High glucagon levels may contribute to its pathogenesis. In hepatic patients, increased glucagon levels allow "potentiation" of arachidonic acid after trauma, which may induce inflammatory changes and necrosis in the epidermis. [1]

Low amino acid levels may lead to epidermal protein depletion and necrolysis.

Low albumin levels have also been postulated as causative. Albumin sequesters fatty acids and helps regulate prostaglandin levels. High levels of prostaglandins as a result of low levels of albumin may induce inflammation. Because albumin is the main carrier of zinc in plasma, these two may be interrelated.

Diabetic microangiopathy also may play a role; four of five necrolytic acral erythema patients described by Nofal et al [19] also had diabetes.




United States

Twenty-three cases of necrolytic acral erythema (NAE) have been described in the United States to date. All except for one [7] of these cases were in individuals positive for hepatitis C virus. In the United States, necrolytic acral erythema has been most frequently reported in African American patients with hepatitis C virus genotype 1. In a study by Raphael et al of 300 patients in Philadelphia with chronic hepatitis C, only 5 of 300 individuals were found to have necrolytic acral erythema, putting the prevalence of necrolytic acral erythema at 1.7%. [12] Thus, necrolytic acral erythema is still an uncommon entity in hepatitis C infection.
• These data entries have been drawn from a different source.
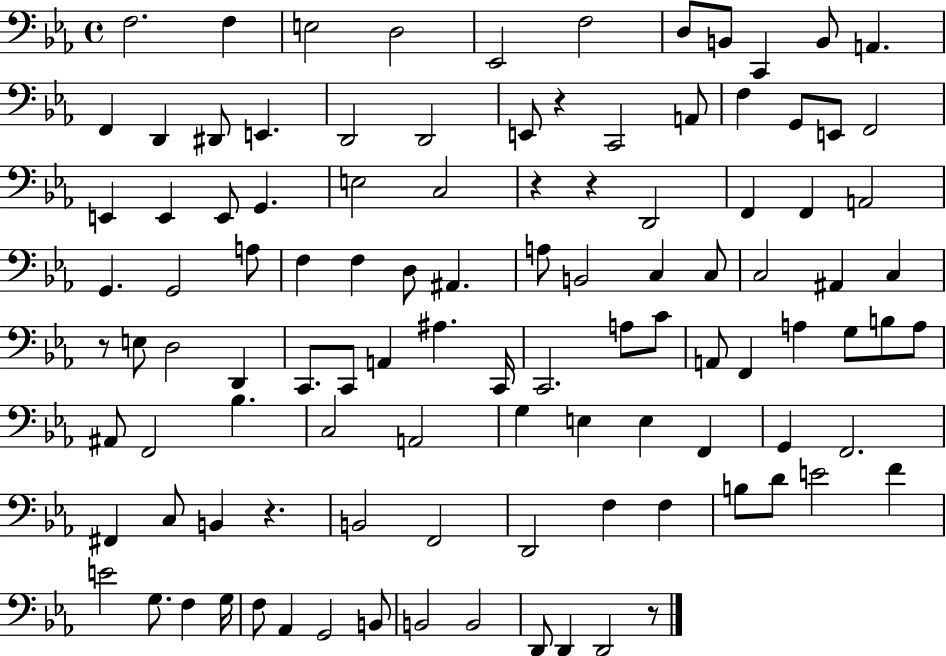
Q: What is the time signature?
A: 4/4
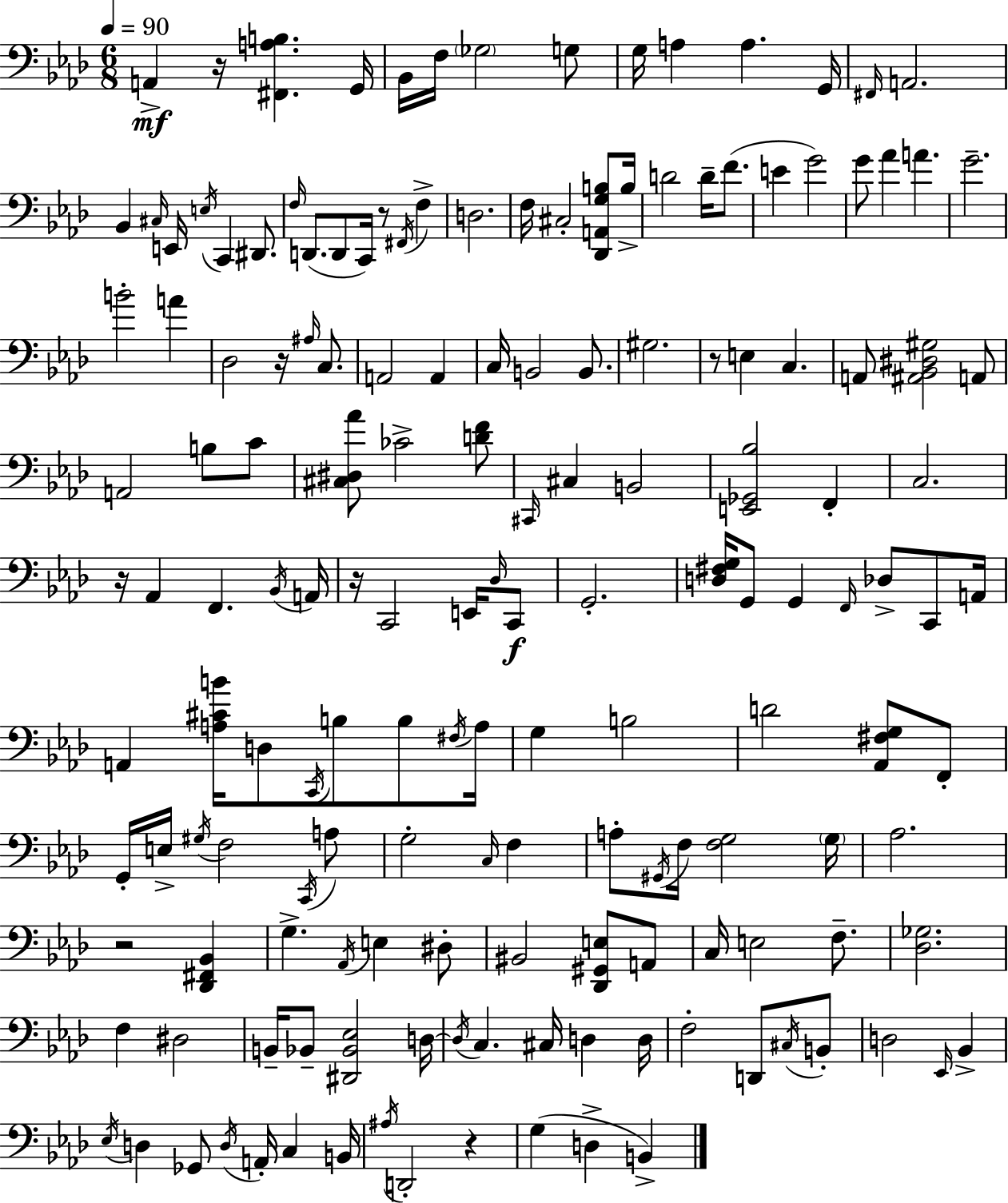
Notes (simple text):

A2/q R/s [F#2,A3,B3]/q. G2/s Bb2/s F3/s Gb3/h G3/e G3/s A3/q A3/q. G2/s F#2/s A2/h. Bb2/q C#3/s E2/s E3/s C2/q D#2/e. F3/s D2/e. D2/e C2/s R/e F#2/s F3/q D3/h. F3/s C#3/h [Db2,A2,G3,B3]/e B3/s D4/h D4/s F4/e. E4/q G4/h G4/e Ab4/q A4/q. G4/h. B4/h A4/q Db3/h R/s A#3/s C3/e. A2/h A2/q C3/s B2/h B2/e. G#3/h. R/e E3/q C3/q. A2/e [A#2,Bb2,D#3,G#3]/h A2/e A2/h B3/e C4/e [C#3,D#3,Ab4]/e CES4/h [D4,F4]/e C#2/s C#3/q B2/h [E2,Gb2,Bb3]/h F2/q C3/h. R/s Ab2/q F2/q. Bb2/s A2/s R/s C2/h E2/s Db3/s C2/e G2/h. [D3,F#3,G3]/s G2/e G2/q F2/s Db3/e C2/e A2/s A2/q [A3,C#4,B4]/s D3/e C2/s B3/e B3/e F#3/s A3/s G3/q B3/h D4/h [Ab2,F#3,G3]/e F2/e G2/s E3/s G#3/s F3/h C2/s A3/e G3/h C3/s F3/q A3/e G#2/s F3/s [F3,G3]/h G3/s Ab3/h. R/h [Db2,F#2,Bb2]/q G3/q. Ab2/s E3/q D#3/e BIS2/h [Db2,G#2,E3]/e A2/e C3/s E3/h F3/e. [Db3,Gb3]/h. F3/q D#3/h B2/s Bb2/e [D#2,Bb2,Eb3]/h D3/s D3/s C3/q. C#3/s D3/q D3/s F3/h D2/e C#3/s B2/e D3/h Eb2/s Bb2/q Eb3/s D3/q Gb2/e D3/s A2/s C3/q B2/s A#3/s D2/h R/q G3/q D3/q B2/q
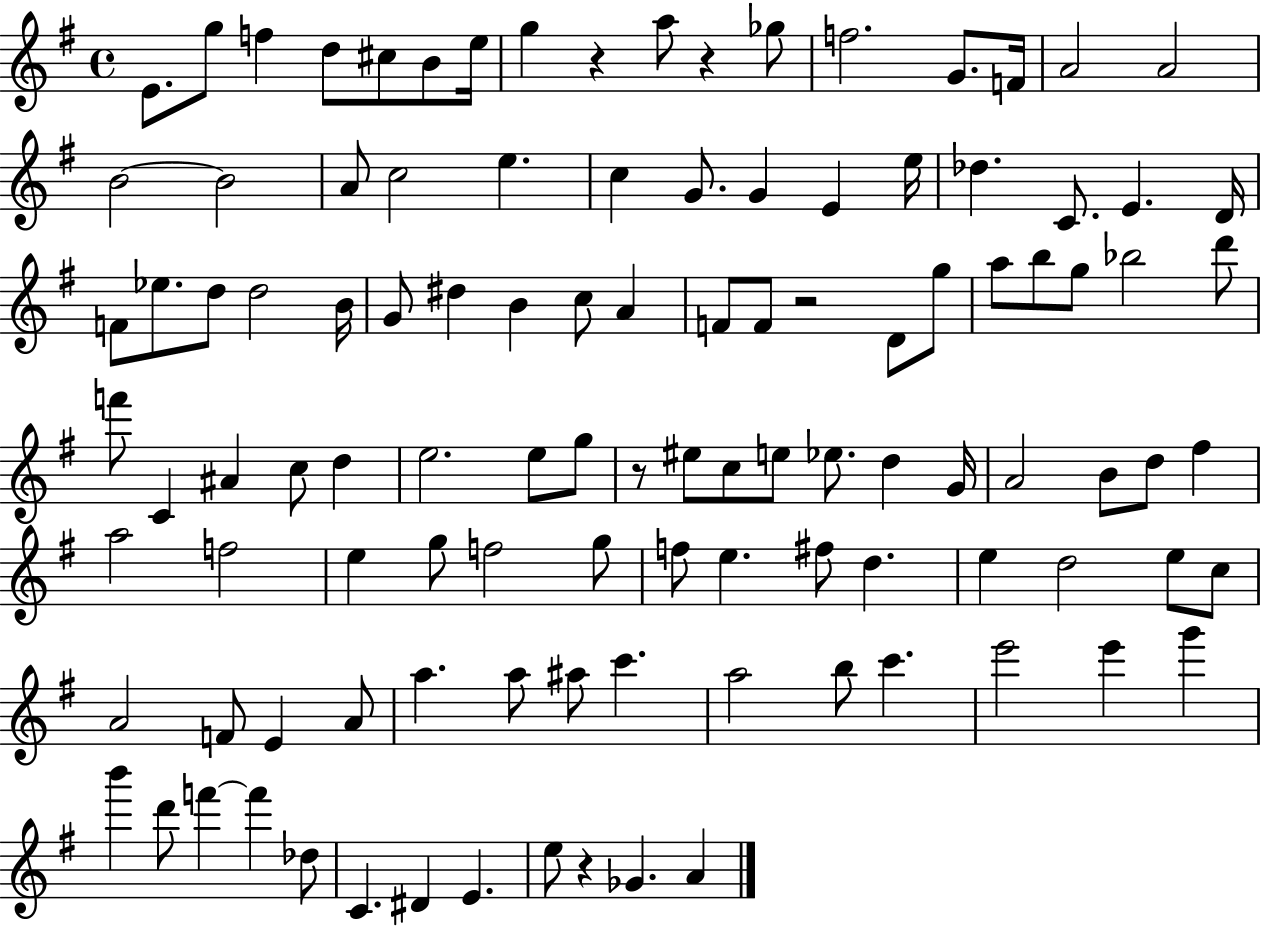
E4/e. G5/e F5/q D5/e C#5/e B4/e E5/s G5/q R/q A5/e R/q Gb5/e F5/h. G4/e. F4/s A4/h A4/h B4/h B4/h A4/e C5/h E5/q. C5/q G4/e. G4/q E4/q E5/s Db5/q. C4/e. E4/q. D4/s F4/e Eb5/e. D5/e D5/h B4/s G4/e D#5/q B4/q C5/e A4/q F4/e F4/e R/h D4/e G5/e A5/e B5/e G5/e Bb5/h D6/e F6/e C4/q A#4/q C5/e D5/q E5/h. E5/e G5/e R/e EIS5/e C5/e E5/e Eb5/e. D5/q G4/s A4/h B4/e D5/e F#5/q A5/h F5/h E5/q G5/e F5/h G5/e F5/e E5/q. F#5/e D5/q. E5/q D5/h E5/e C5/e A4/h F4/e E4/q A4/e A5/q. A5/e A#5/e C6/q. A5/h B5/e C6/q. E6/h E6/q G6/q B6/q D6/e F6/q F6/q Db5/e C4/q. D#4/q E4/q. E5/e R/q Gb4/q. A4/q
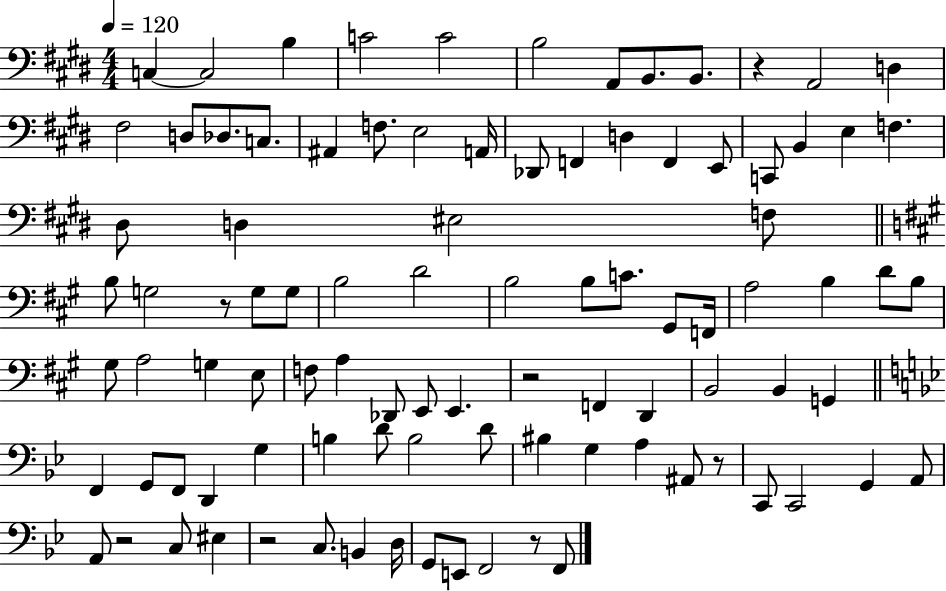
C3/q C3/h B3/q C4/h C4/h B3/h A2/e B2/e. B2/e. R/q A2/h D3/q F#3/h D3/e Db3/e. C3/e. A#2/q F3/e. E3/h A2/s Db2/e F2/q D3/q F2/q E2/e C2/e B2/q E3/q F3/q. D#3/e D3/q EIS3/h F3/e B3/e G3/h R/e G3/e G3/e B3/h D4/h B3/h B3/e C4/e. G#2/e F2/s A3/h B3/q D4/e B3/e G#3/e A3/h G3/q E3/e F3/e A3/q Db2/e E2/e E2/q. R/h F2/q D2/q B2/h B2/q G2/q F2/q G2/e F2/e D2/q G3/q B3/q D4/e B3/h D4/e BIS3/q G3/q A3/q A#2/e R/e C2/e C2/h G2/q A2/e A2/e R/h C3/e EIS3/q R/h C3/e. B2/q D3/s G2/e E2/e F2/h R/e F2/e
Between 1996 and 2019, 145 cases of necrolytic acral erythema have been described internationally. One-hundred and nineteen of these 145 cases were in Egypt. Cases have also been reported in India, Taiwan, Brazil, France, Pakistan, and others. El-Ghandour et al [20] in Egypt described a series of 23 patients (mean age, 41.7 ±11.5 y; male-to-female ratio, 10:13) with clinical features consistent with necrolytic acral erythema examined over a 3-year period. Most necrolytic acral erythema patients were adults (91.3%), and the skin lesions were predominantly chronic (78.3%), with the dorsa of the toes and/or feet affected in all cases.


Most cases of necrolytic acral erythema have been reported in Egyptians. A dark-skinned woman aged 56 years with hepatitis C who had the disease for 10 years was reported at a case conference at the department of dermatology of New York University. [21] Although most of the reported cases are in individuals with darker skin, there have been a few instances of necrolytic acral erythema in patients with lighter skin. [8]


To date, no sex predisposition is reported for necrolytic acral erythema.


Necrolytic acral erythema has been reported in patients ranging in age from 9-76 years, with the typical age of onset at age 35-55 years.



With therapy, prognosis is fair. Some patients have a relapsing course. Necrolytic acral erythema (NAE) has no known directly associated morbidly or mortality. Rather, the morbidity and mortality are related to the primary illness, hepatitis C.